Exercise objective:
Output only the lines below from the one holding "Assembly features are generally" down to the one holding "The unit price, profit", both end lines included and every picture dropped.

Input data:

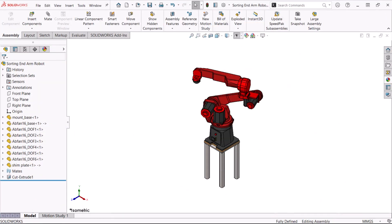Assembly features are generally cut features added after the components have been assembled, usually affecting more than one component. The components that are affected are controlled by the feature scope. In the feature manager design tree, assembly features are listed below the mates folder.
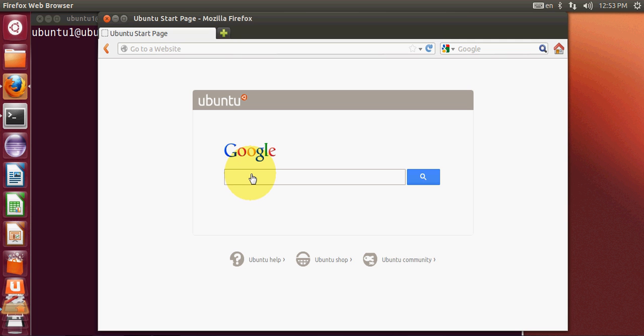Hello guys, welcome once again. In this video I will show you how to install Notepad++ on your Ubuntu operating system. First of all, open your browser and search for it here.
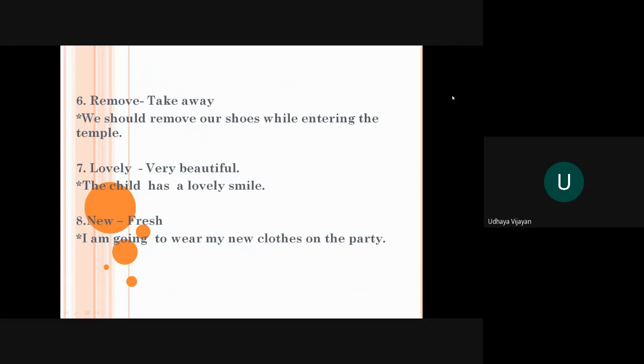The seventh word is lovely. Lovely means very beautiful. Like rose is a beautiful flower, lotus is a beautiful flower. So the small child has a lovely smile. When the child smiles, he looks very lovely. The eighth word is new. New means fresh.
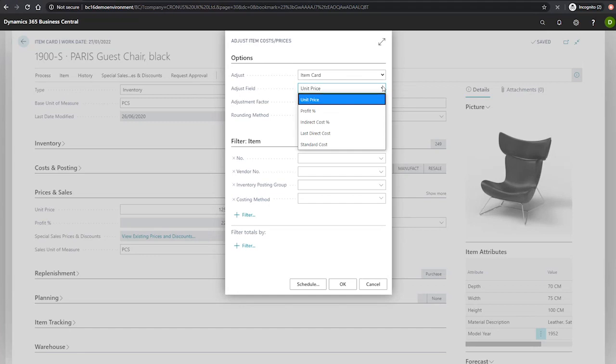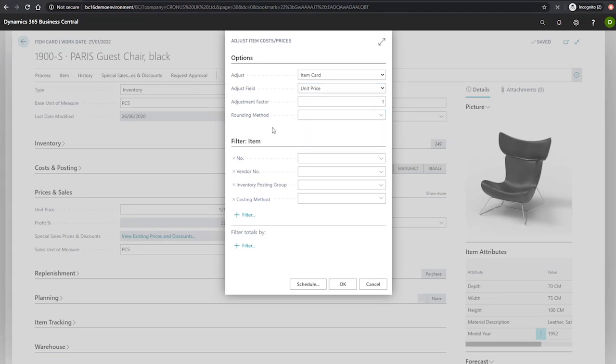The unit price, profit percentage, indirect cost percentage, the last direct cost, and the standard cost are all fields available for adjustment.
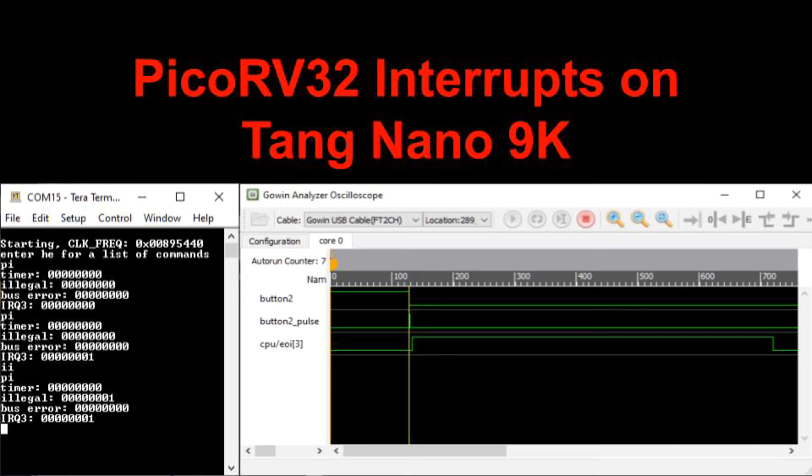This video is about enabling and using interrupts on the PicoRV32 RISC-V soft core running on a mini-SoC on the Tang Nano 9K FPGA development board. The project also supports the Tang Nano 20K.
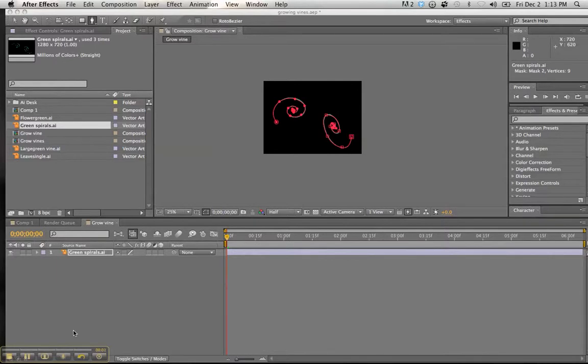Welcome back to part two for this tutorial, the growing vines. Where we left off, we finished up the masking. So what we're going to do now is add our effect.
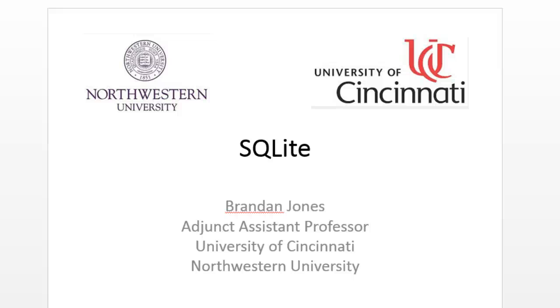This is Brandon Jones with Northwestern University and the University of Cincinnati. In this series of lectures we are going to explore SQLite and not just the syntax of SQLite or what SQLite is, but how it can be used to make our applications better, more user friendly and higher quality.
---
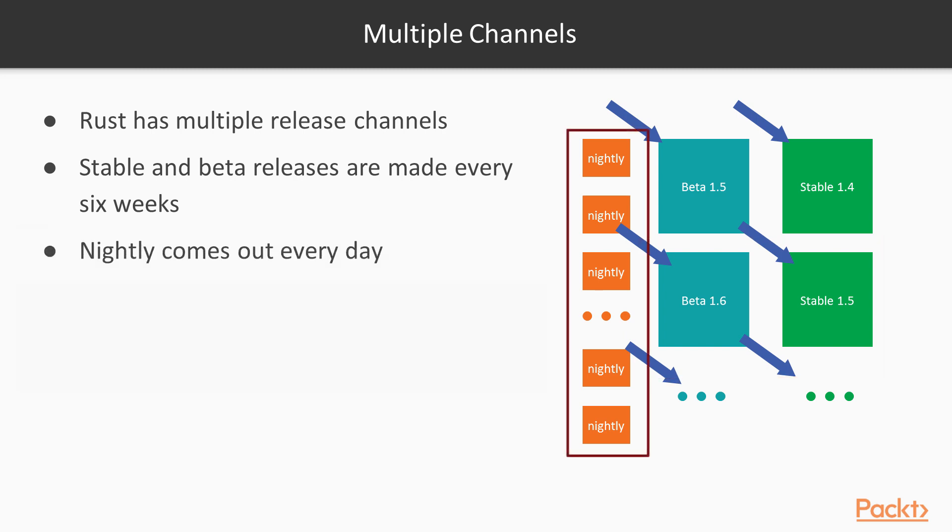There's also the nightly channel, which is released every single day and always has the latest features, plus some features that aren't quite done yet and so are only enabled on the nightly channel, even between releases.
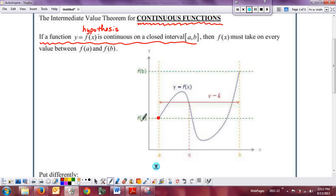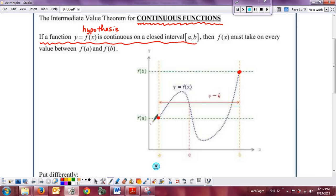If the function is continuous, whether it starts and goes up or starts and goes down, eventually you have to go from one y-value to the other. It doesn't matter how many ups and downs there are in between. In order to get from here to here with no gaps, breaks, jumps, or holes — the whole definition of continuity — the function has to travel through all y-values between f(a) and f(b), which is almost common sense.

Expected output:
Assembly features are generally cut features added after the components have been assembled, usually affecting more than one component. The components that are affected are controlled by the feature scope. In the feature manager design tree, assembly features are listed below the mates folder.
Hello guys, welcome once again. In this video I will show you how to install Notepad++ on your Ubuntu operating system. First of all, open your browser and search for it here.
The seventh word is lovely. Lovely means very beautiful. Like rose is a beautiful flower, lotus is a beautiful flower. So the small child has a lovely smile. When the child smiles, he looks very lovely. The eighth word is new. New means fresh.
The unit price, profit percentage, indirect cost percentage, the last direct cost, and the standard cost are all fields available for adjustment.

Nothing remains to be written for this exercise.